Im getting better at being able to read people and trusting my instincts but it makes me sad that I cant be trusting all the time. That I have to work against my nature. That I have to watch what I say and do in front of certain people. Sometimes I hate that as much as I want to I cant be bitchy and nasty and deceptive right back at them.
I suppose that being trusting is not something that I should hate about myself. Perhaps I should be embracing that part of me!
7 Replies to “Day 01 → Something you hate about yourself”
I agree with you don’t let others turn this good quality into something you hate. Learn wisdom to protect yourself but keep you open spirit.
You sound a lot like me. I also have the problem in trusting everyone and it would be so nice if one can trust everyone, but that is not the situation at all these days.

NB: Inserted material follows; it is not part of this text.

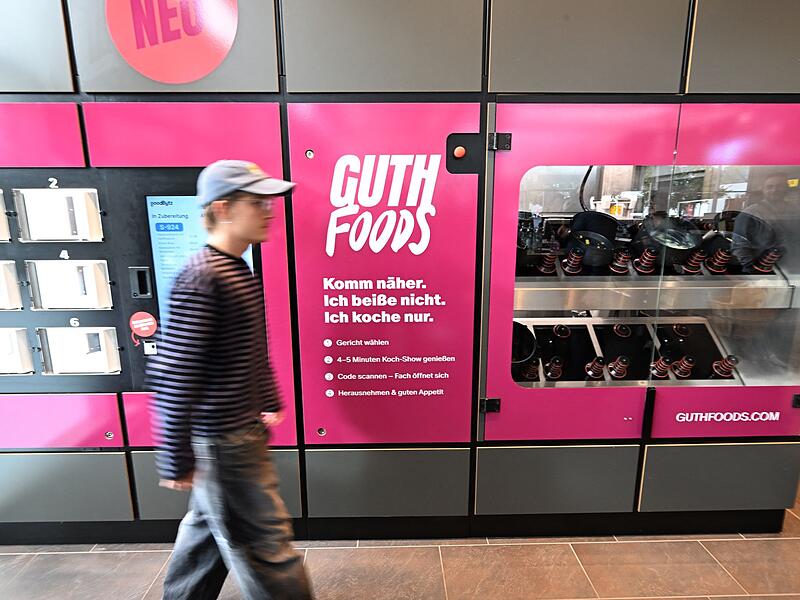 Vorführung eines Kochroboters an einer Münchner Tankstelle Vorführung eines Kochroboters an einer Münchner Tankstelle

We need to protect the good qualities in us and not let the world ruin it – trusting people is a good quality. Don’t let it change you because of a few bad apples. Stay true to who you are.
I am very much like this – especially the open and honest part! I have unfortunately learnt the hard way not to trust people too easily 🙁
Oh this is a tough one. I too am trusting so now I throw barriers even before I meet someone.
I think it is an amazing quality to have, don’t lose it!
I had to teach myself over time that even if I trusted someone and treated them as a friend, I didn’t have to share everything and make them a complete confidante. I think this has saved me some heartache because I don’t give everything to everyone!